Slesnick's other community leadership included serving as President of Gables Good Government (GGG), a not-for-profit community organization founded in 2009 to encourage transparency and public participation in Coral Gables government, and would lead the group from 2012 to 2015. Slesnick was also active in supporting cultural programming through Actor's Playhouse at the historic Miracle Theatre, where she served as a Board member for twenty years from 1995 to 2015, and supporting art openings. Other roles Slesnick held in South Florida through her public life included serving on the Board of the American Red Cross of South Florida as well as being a Board member of the Junior League of Miami.

In addition to her civic roles, Slesnick was also active in the Coral Gables faith community. She served twice in the leadership position of Senior Warden of St. Philip's Episcopal Church, a part of the Slesnick family's four generations of involvement in the church. Thereafter she remained active in organizing and supporting many of the church's events.

== Political career ==

By the start of the 1980s, Slesnick was widely recognized in South Florida for her engagement in community issues, leading to direct political activism and involvement. Her political career formally began when she first ran unsuccessfully for Coral Gables City Commission in 1983 as a rare woman candidate at the time. Following that race, Slesnick's community involvement continued to deepen, including several cultural and economic leadership positions in the region. One early role following her first campaign was Slesnick's election as a member of the Coral Gables Chamber of Commerce Board of Directors, serving from 1984 to 1987, followed by being elected President of the Junior Orange Bowl Committee in 1989.

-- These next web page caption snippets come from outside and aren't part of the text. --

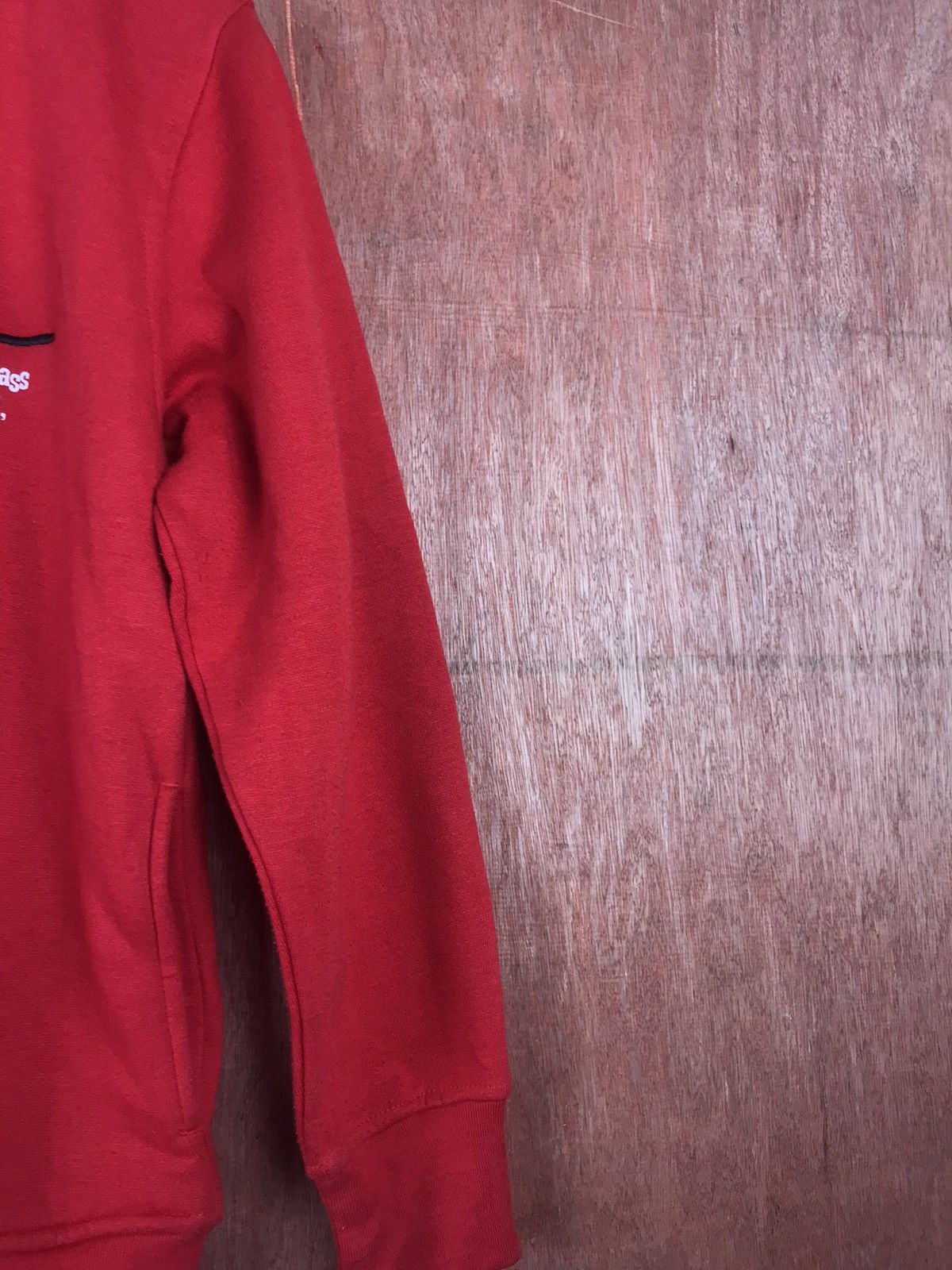 Japanese Brand DLL Skkone red hoodie Sweater #2725 Size US M / EU 48-50 / 2 - 4 Thumbnail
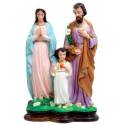 Statue Sainte Famille 40 cm en résine
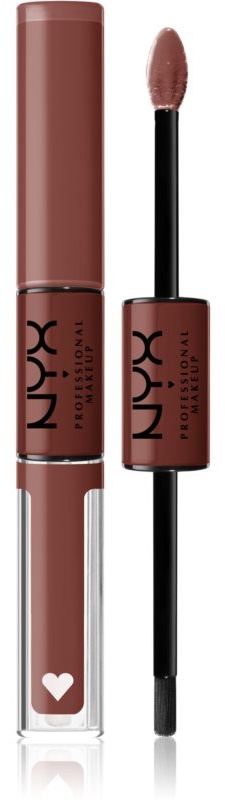 NYX Professional Makeup Shine Loud High Shine Lip Color flüssiger Lippenstift mit hohem Glanz Farbton 06 - Boundary Pusher 6,5 ml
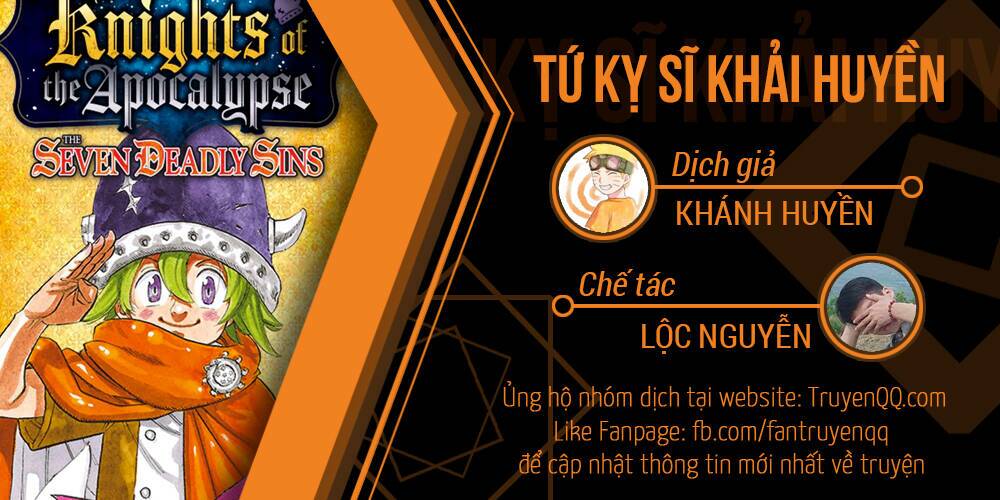 Tứ Kỵ Sỹ Khải Huyền: Chapter 1.1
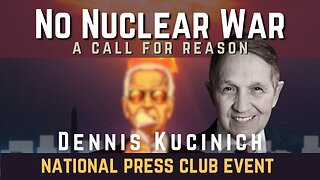 Dennis Kucinich at No Nuclear War event • National Press Club, Washington, DC • Dec 7, 2024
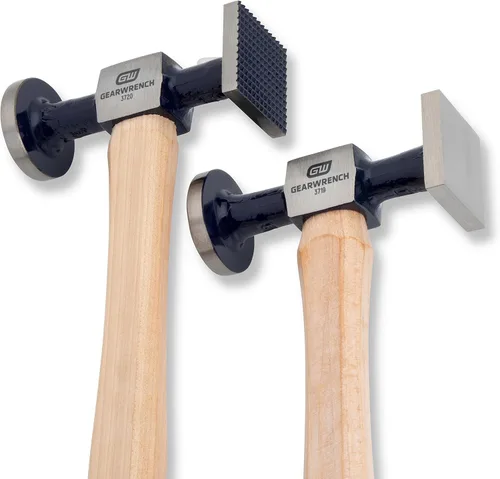 Miniatura 7 de GEARWRENCH 7 piezas. Juego de herramientas para carrocería, martillos y carretillas, 82302
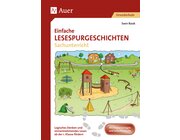 Einfache Lesespurgeschichten Sachunterricht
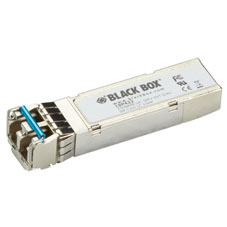 Picture of Black Box Network Services LSP422 10GBASE-SR SFP Plus 1310 nm Single Mode - 10 km&#44; LC
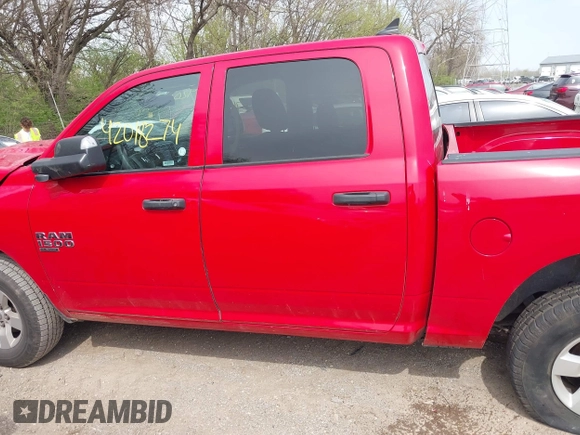 2023 Ram 1500 SLT z VIN 1C6RR7LG2PS516882, wystawiony jako IAAI lot #42018274 z przebiegiem 50 800 mil mil oraz . Historia ofert i sprzedaży dostępna na DreamBid. Obrazek 14.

As their public profiles expanded through the 1980s and 1990s, Jeannett and Don Slesnick would also increasingly attend events to represent the communities they were active in. Among them, the Slesnicks were invited to meet Queen Elizabeth II and Prince Philip, Duke of Edinburgh of the United Kingdom during a private reception held aboard the Royal Yacht Britannia. The event, which was part of the Queen's trade promotional visit to the United States in May 1991, was also attended by other American dignitaries including former Presidents Gerald Ford and Ronald Reagan, former First Ladies Betty Ford and Nancy Reagan, U.S. Senators Bob Graham and Connie Mack III, and Florida Governor Lawton Chiles. Over the next decade, Slesnick maintained a public profile by continuing to expand her community advocacy into more areas, serve on several additional boards, committees, and foundations, as well as launch her own successful real estate practice.

Beginning in 2001, Jeannett Slesnick reengaged with politics directly when she served as campaign manager for her husband Don's four successful Mayoral campaigns, leading to a record 10 consecutive years as the city's mayor. Following his election as Mayor of Coral Gables, Jeannett was noted as a highly active First Lady from 2001 to 2011. This included joining her husband to represent Coral Gables during several high-profile functions, including welcoming dignitaries such as King Juan Carlos I of Spain and Prince Albert II of Monaco, and as guests at the 2010 White House Christmas Party. Don Slesnick would later credit her involvement as a playing a significant role in his own achievements as mayor.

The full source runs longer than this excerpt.